Under the Freedom of Information and Protection of Privacy Act, RSBC 1996, c 165 (FIPPA), all workers have the right to receive a copy of their file. Employers have the right to obtain a copy of the Board’s file if an appeal is pending or if a decision is made. The Act, however, limits an employer’s ability to use this information in non-employment related issues. An employer, for example, may not use the information contained in the worker’s file for disciplinary purposes.

A worker’s WCB claim file that is disclosed for purposes of an appeal or a Freedom of Information request should contain all of the information pertaining to the Board’s decision, as well as copies of any decisions regarding the claim.

Prior to May 2009, a file was divided into various sections such as Claims, Medical, Accounts, and Memo. Usually, the papers were filed in chronological order. Files are organized differently under the CMS data management system. Now, the preferred method of disclosure is by way of an encrypted .pdf file on a CD. The first disclosure will be a complete copy of the file, not just an update.

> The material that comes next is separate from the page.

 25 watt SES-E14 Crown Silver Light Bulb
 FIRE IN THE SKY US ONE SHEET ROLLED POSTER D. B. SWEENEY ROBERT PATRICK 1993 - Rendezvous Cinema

Overall, the adoption of electronic (e-file) rather than paper files has reduced administrative delays due to files being in use by other departments at the WCB or WCAT, but it has also decreased the detailed information explaining how decisions were reached, as handwritten notes and other documents are sometimes omitted. A request for disclosure under the FIPPA usually results in a more thorough search for such records and is occasionally advisable in cases where all information is needed. At times, the Board may not disclose all of the relevant evidence in its possession. Some of the missing information may be helpful for appeals, such as the actual observations of the Board’s staff during a functional evaluation, rather than just a final report.